Dopo questi terribili fatti Giovanni XXIII decise di lasciare al mondo la sua eredità spirituale: la Pacem in terris. Il Papa buono era malato e già vedeva la sua nascita al cielo – sarebbe morto dopo due mesi – quando fu pubblicata la lettera l’11 aprile 1963, Giovedì Santo, giorno in cui si ricorda l’istituzione dell’Eucaristia, così come la consegna ai discepoli del comandamento dell’amore. Proprio per questo quella lettera fu indirizzata per la prima volta non solo ai cattolici, ma anche «a tutti gli uomini di buona volontà». Perché in essa si parla di valori universali, comuni a tutte le culture dell’unica famiglia umana. «Presi dall’ansia di bene per tutti, – si legge nell’enciclica – ci sentiamo in dovere di scongiurare gli uomini, soprattutto quelli che sono investiti di responsabilità pubbliche, a non risparmiare fatiche per imprimere alle cose un corso ragionevole ed umano».

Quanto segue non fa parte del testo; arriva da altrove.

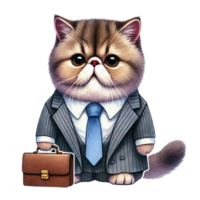 A stylish cat in a suit, ready for business and looking sharp. png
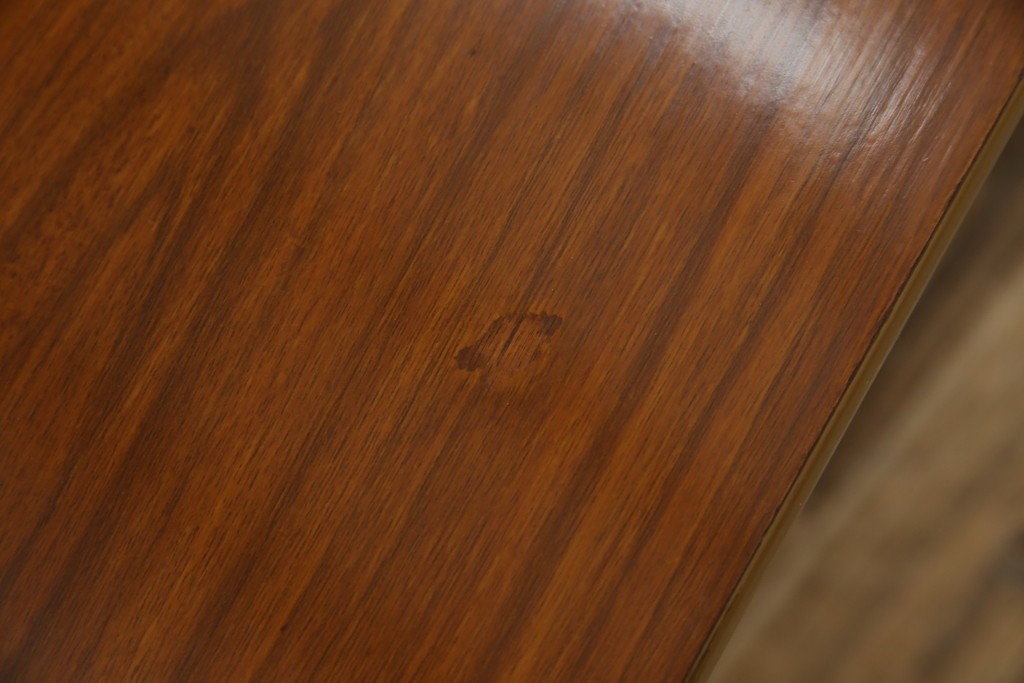 北欧ヴィンテージ　チーク材　スタイリッシュなガラストップテーブル　(R-050175)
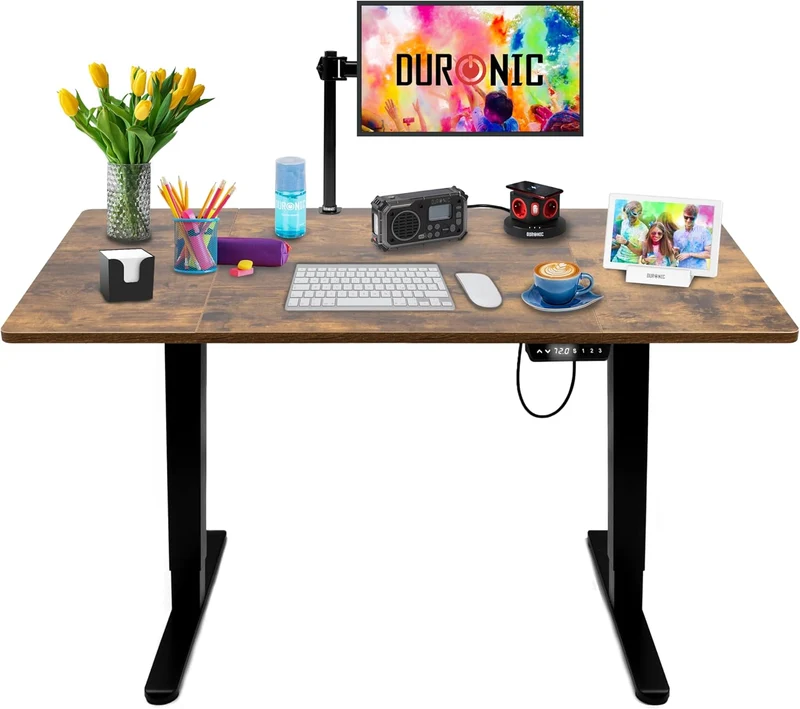 Duronic CD140 BO Bureau Assis-Debout électrique Complet avec Plateau de 140 cm Hauteur Ajustable de 72 à 118 cm Charge maximale de 70 kg Poste Travail Assis Debout Domicile télétravail Bureau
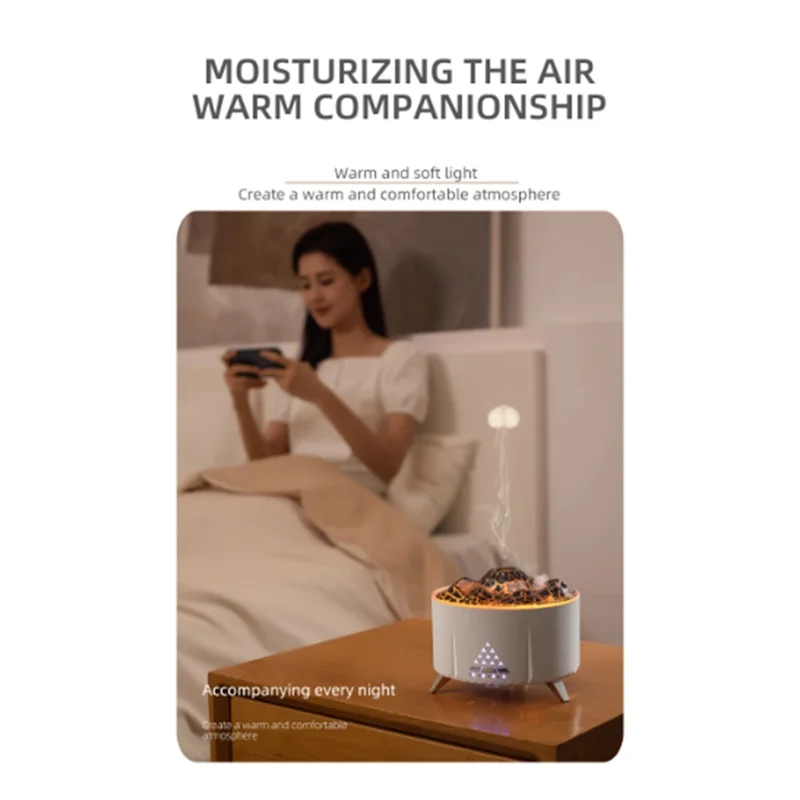 A97G para humidificador de volcán, difusor de llama, aceites aromáticos de fuego para el hogar, Mini anillo de niebla de medusas para fumar aire (C), enchufe europeo Dura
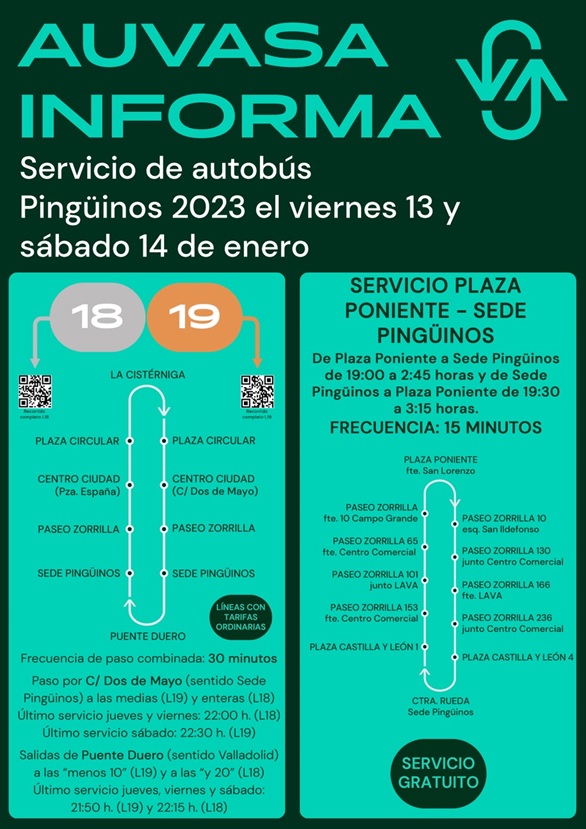 Bus Auvasa Pingüinos 2023 informa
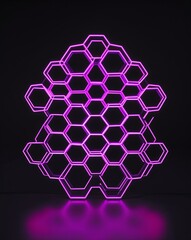 Poster - A neon pink to neon purple hexagon light pattern on black background
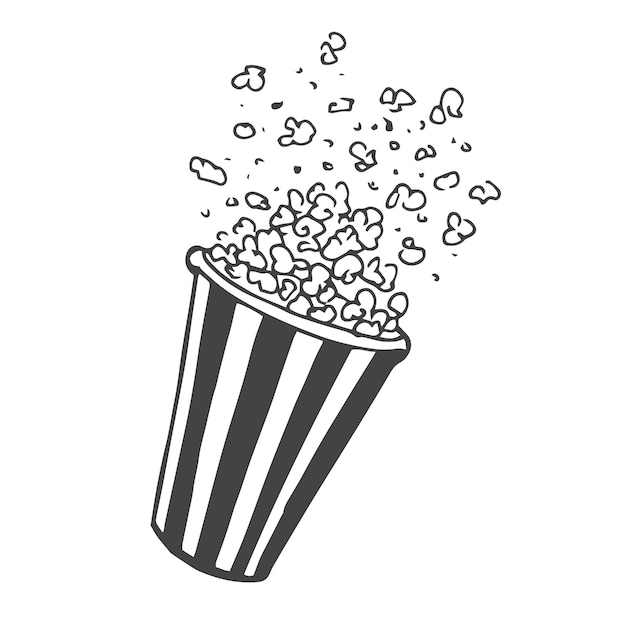 Vettore iconica di popcorn a contorno illustrazione di cartone animato disegnata a mano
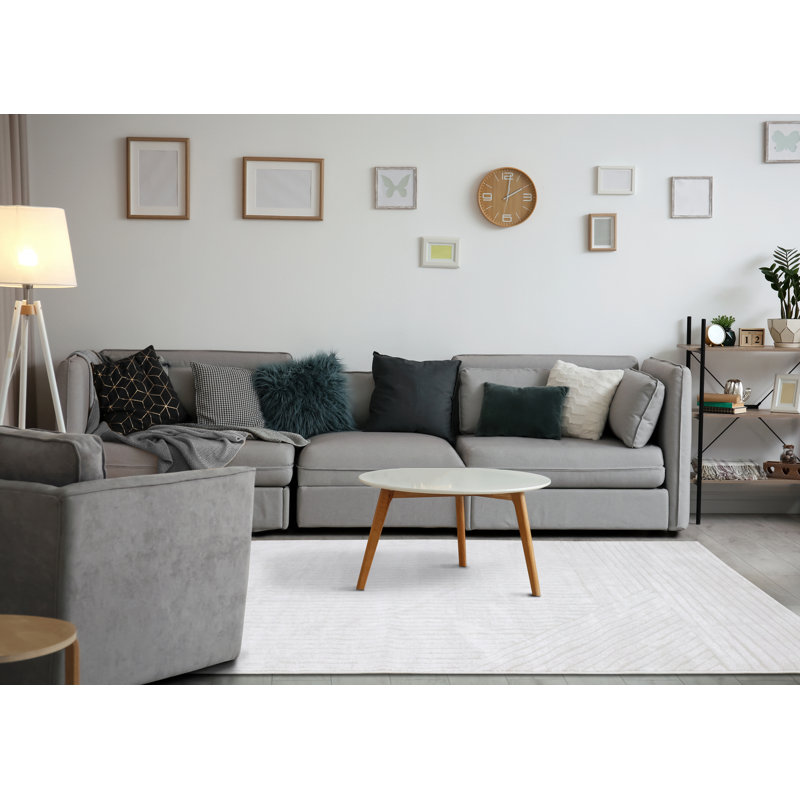 Tapis à branches 5 pi x 8 pi (5 pi 3 po x 7 pi 7 po), crème, contemporain moderne - salon, chambre à coucher, salle à manger et cuisine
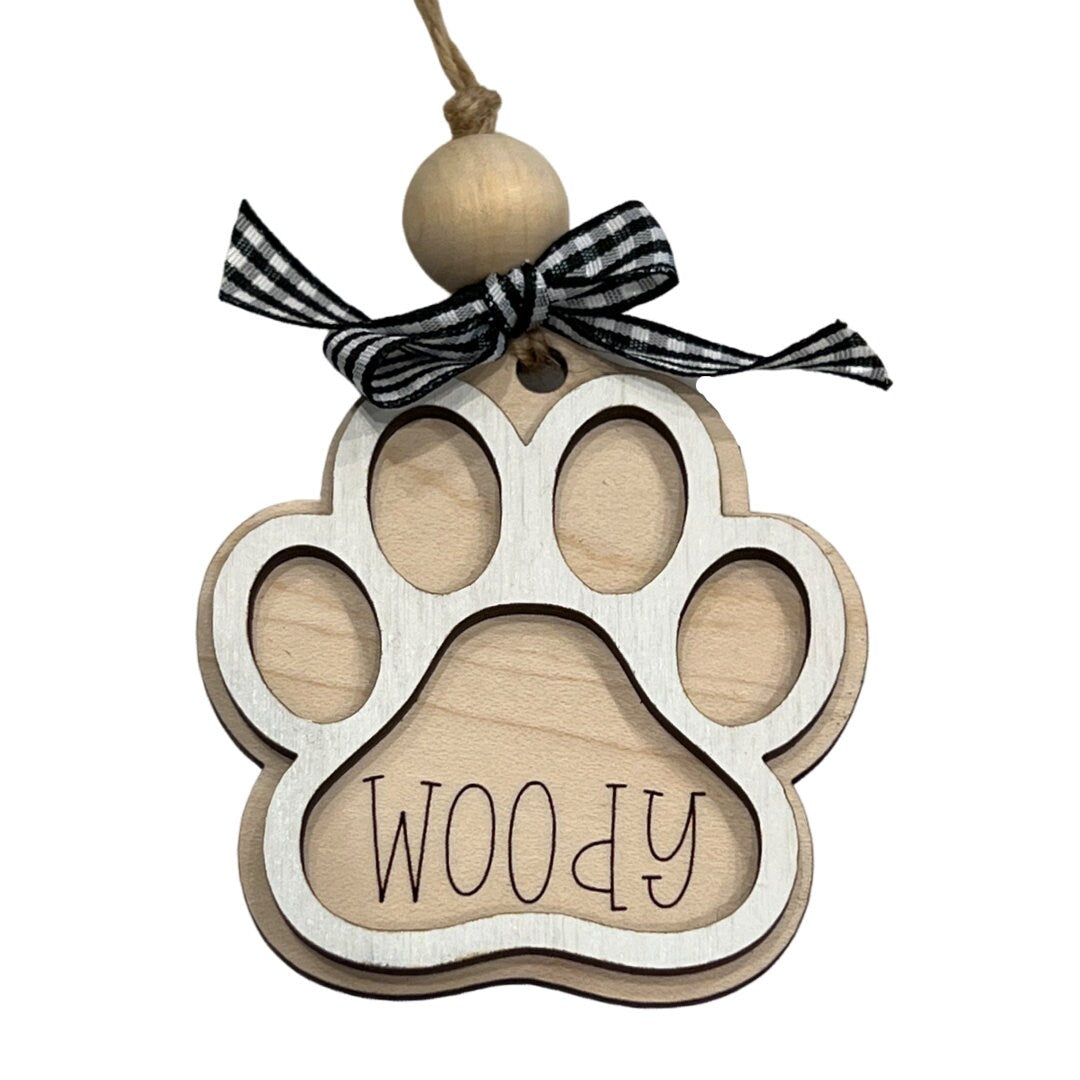 Paw Print Custom Name Ornament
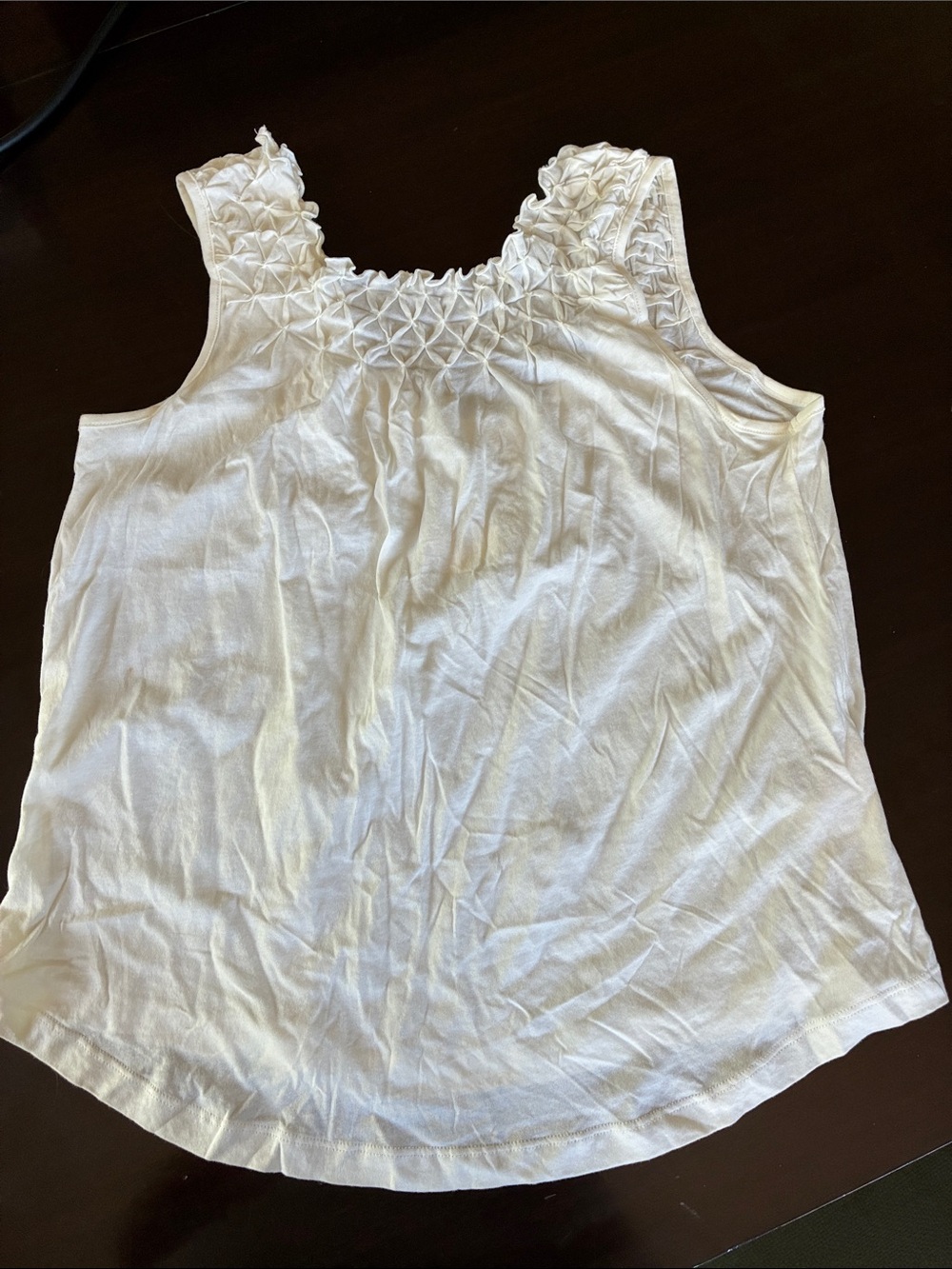 Maeve White Smocked-Neck Tank Top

In quel contesto essa fu ritenuta da tutti, anche dai non cristiani, come l’espressione migliore delle vie per alimentare le speranze di pace e di solidarietà di tutto il genere umano. Per tale ragione ancora oggi essa è conservata negli archivi delle Nazioni Unite a New York. Papa Roncalli fu investito da una missione straordinaria. Era umile, un mite. “Beati i miti perché possederanno la terra”. La beatitudine si è avverata in lui: mite, secondo la Bibbia, è il forte che non indietreggia di fronte a nessun ostacolo. A noi non resta che ricordare Giovanni XXII per quello che è stato: il figlio del contadino di Sotto il Monte, il diplomatico di Dio, il Papa buono ed infine un dono della Provvidenza per la Chiesa e per il mondo.